I have a Pearson Touche http://www.pearsoncy....html?action=97 but if I was looking for a single speed to convert to fixed these would be on the top of the list.


----------



## Coco (20 Jul 2010)

I've got this one: Ridgeback Solo.  Takes guards and a rack too.


----------



## colinr (20 Jul 2010)

> Not always the most cost effective way to get a nice bike, but its the only way you will get a bike that suits every one of your requirements and demands.


 
Unless Specialized decide to release exactly what you want in their 2011-12 range 

(except the gearing, bit spinny)


----------



## clarion (20 Jul 2010)

Coco said:


> I've got this one: Ridgeback Solo. Takes guards and a rack too.



I've got one of those too. Cost me £340. Available still for £399 from Evans.

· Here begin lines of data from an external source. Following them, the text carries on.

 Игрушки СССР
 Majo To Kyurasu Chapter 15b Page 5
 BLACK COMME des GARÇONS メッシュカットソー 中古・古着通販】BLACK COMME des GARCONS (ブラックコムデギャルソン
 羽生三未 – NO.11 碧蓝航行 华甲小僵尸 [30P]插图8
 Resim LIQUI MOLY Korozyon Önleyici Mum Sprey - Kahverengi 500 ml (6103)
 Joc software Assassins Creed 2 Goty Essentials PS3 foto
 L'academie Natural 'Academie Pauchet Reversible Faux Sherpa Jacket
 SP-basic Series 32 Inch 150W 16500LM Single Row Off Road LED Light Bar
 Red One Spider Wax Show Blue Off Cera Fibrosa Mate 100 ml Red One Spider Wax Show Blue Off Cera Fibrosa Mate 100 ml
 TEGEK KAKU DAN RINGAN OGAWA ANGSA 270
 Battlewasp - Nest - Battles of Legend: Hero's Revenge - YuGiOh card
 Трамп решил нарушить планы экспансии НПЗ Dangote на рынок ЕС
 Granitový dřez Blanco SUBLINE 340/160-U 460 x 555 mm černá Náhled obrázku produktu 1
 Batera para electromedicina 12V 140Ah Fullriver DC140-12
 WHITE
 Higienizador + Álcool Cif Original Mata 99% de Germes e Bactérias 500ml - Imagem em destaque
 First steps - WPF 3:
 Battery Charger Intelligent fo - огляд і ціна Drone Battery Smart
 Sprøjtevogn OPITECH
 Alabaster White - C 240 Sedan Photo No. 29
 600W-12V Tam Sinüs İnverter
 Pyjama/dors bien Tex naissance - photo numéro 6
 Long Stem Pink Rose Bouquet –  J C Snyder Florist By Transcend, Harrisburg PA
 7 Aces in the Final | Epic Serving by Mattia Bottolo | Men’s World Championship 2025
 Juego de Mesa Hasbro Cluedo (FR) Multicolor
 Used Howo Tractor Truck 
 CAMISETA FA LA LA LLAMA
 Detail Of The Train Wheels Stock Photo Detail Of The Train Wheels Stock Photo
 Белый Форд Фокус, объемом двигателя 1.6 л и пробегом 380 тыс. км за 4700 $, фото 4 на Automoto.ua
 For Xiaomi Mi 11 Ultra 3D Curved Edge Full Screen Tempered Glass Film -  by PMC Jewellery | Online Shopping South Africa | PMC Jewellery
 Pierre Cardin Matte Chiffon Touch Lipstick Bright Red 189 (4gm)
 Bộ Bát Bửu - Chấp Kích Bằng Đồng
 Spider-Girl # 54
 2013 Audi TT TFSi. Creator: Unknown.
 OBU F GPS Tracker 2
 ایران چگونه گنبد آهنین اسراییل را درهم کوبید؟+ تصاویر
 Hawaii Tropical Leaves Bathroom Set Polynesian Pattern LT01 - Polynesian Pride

Good bike. Comes with guards, and, yes, takes a rack. No good if you want something flashy, but a damn good bike otherwise.


----------



## iendicott (21 Jul 2010)

Coco said:


> I've got this one: Ridgeback Solo. Takes guards and a rack too.




I Like that alot. What is the weight of the bike if you don't mind me asking ?

Thanks Ivan


----------



## Coco (21 Jul 2010)

iendicott said:


> I Like that alot. What is the weight of the bike if you don't mind me asking ?
> 
> Thanks Ivan



I'm sure I've got it somewhere at home. If not I'll weigh it tomorrow (raining a lot here just now)


----------



## Coco (21 Jul 2010)

iendicott said:


> I Like that alot. What is the weight of the bike if you don't mind me asking ?
> 
> Thanks Ivan






10.1kg according to this: http://road.cc/content/review/2590-ridgeback-solo-world


----------



## frank9755 (22 Jul 2010)

Coco said:


> 10.1kg according to this: http://road.cc/conte...back-solo-world



Very tempted. 
I think I might nip into Evans and get one...

I do *need* a fixed bike.

Yes


----------



## iendicott (22 Jul 2010)

That's a very ice bike indeed. Mmmmmm SIngle Speed.


----------



## Coco (22 Jul 2010)

frank9755 said:


> Very tempted.
> I think I might nip into Evans and get one...
> 
> I do *need* a fixed bike.
> ...



What haven't you got one already? Wierdo.


----------



## Rob3rt (23 Jul 2010)

colinr said:


> Unless Specialized decide to release exactly what you want in their 2011-12 range
> 
> (except the gearing, bit spinny)



hah, your buying one of the new langsters when they come out then? Have to admit they do look really nice. Wonder how much they hike the price vs last years model!


----------



## colinr (23 Jul 2010)

Initial prices have appeared at £550 but don't know if that's accurate (seems about right though). It's currently wait for that, or admit I'm a roadie at heart and get a Boardman. But that would mean Halfords and I'm yet to have a good experience in either of the Norwich stores.


----------